The next challenge is enforcement and transparency. Weak monitoring has allowed “ghost factories” to secure waivers, while genuine firms operate without predictable support. The government’s recent Incentive Monitoring and Evaluation Platform (IMEP) is a step forward, but it must evolve into a comprehensive digital system that tracks exemptions in real time, geo-tags beneficiaries, and automatically triggers clawbacks for non-compliance. Making aggregate data public, such as total exemptions by sector and compliance rates, would also deter abuse and restore credibility. Still, even the best-designed trade policy cannot offset Nigeria’s structural cost disadvantages. Energy remains unreliable, transport infrastructure drives up logistics costs, and FX volatility keeps firms from planning investments. Without tackling these bottlenecks, tariffs only keep consumer prices high while industries remain uncompetitive.
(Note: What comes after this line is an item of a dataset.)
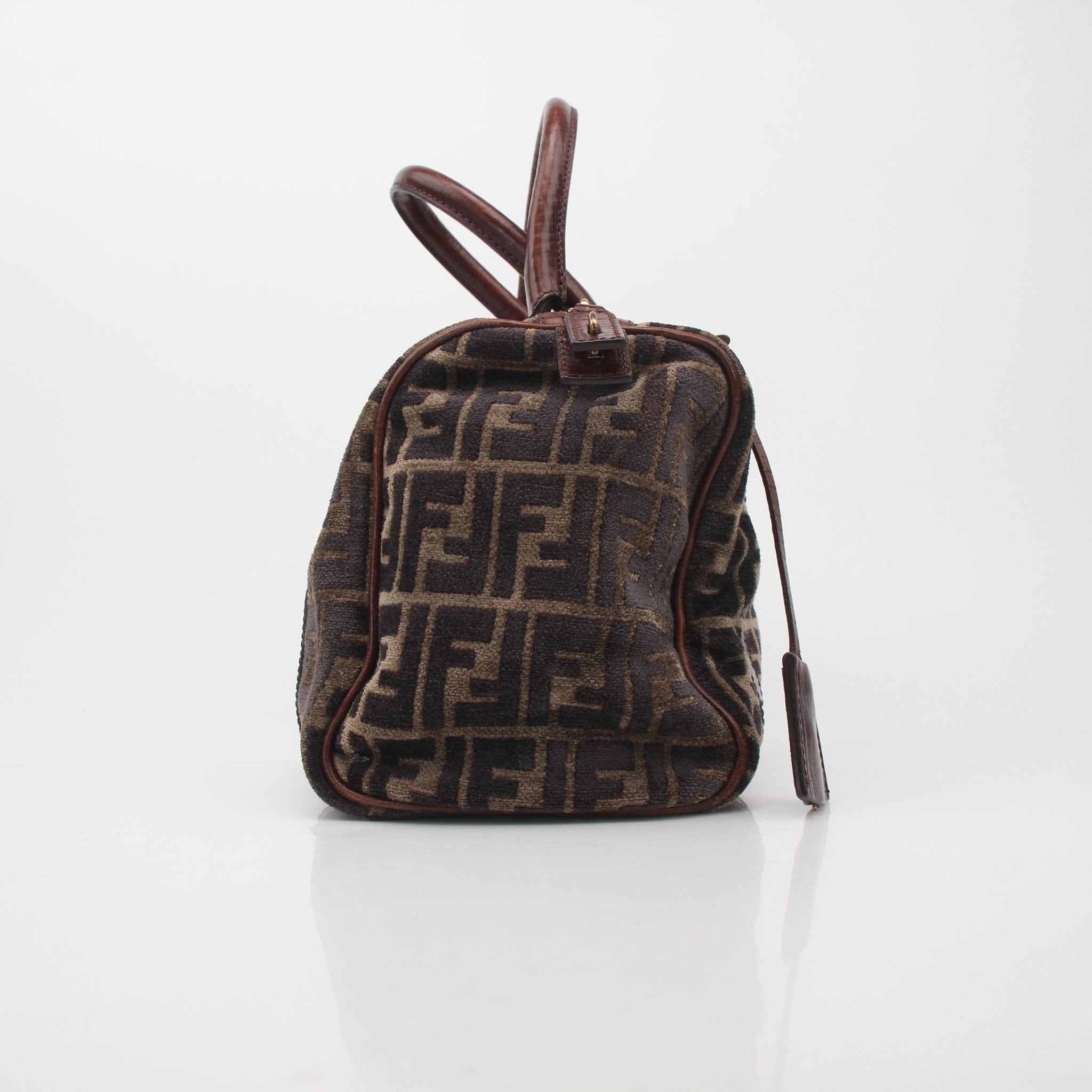 Fendi brown Zucca velour Boston handbag with leather handles and gold-tone hardware, displayed on a neutral background.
Trade measures, therefore, need to be paired with complementary reforms: industrial corridors with reliable power, predictable FX access for priority sectors, and blended finance mechanisms that lower the cost of capital-intensive investments. Protection should buy time, not paper over inefficiencies. Finally, Nigeria must situate its trade policy within a regional framework. Aligning with ECOWAS’s Common External Tariff and the AfCFTA schedule would reduce policy volatility and give investors predictability, while also expanding the potential market for Nigerian firms. At present, frequent tariff shifts isolate Nigeria even as regional competitors build scale under continental agreements. Integration does not mean abandoning protection it means making it consistent, strategic, and outward-looking.
Conclusion
Nigeria’s trade policy has long leaned on tariffs and exemptions as a shield for domestic industries. Yet, the evidence shows that protection without productivity only entrenches inefficiency, raises consumer costs, and deters investment. The challenge is not whether to protect, but how to protect while building competitiveness. A smarter balance requires narrowing incentives to inputs that expand productive capacity, attaching conditions to waivers, and embedding transparency into monitoring. It also demands complementary reforms to stable infrastructure, energy, and financing that allow firms to compete beyond sheltered markets. Senegal’s experience demonstrates that when protection is paired with clear performance targets and consistent enforcement, local industries can grow into regional exporters rather than perpetual dependents. For Nigeria, the policy focus should shift toward making protection time-bound and performance-driven, ensuring that incentives are matched by measurable outcomes. This balance will not only reduce distortions in the short term but also create the foundation for a more competitive and resilient economy in the long run.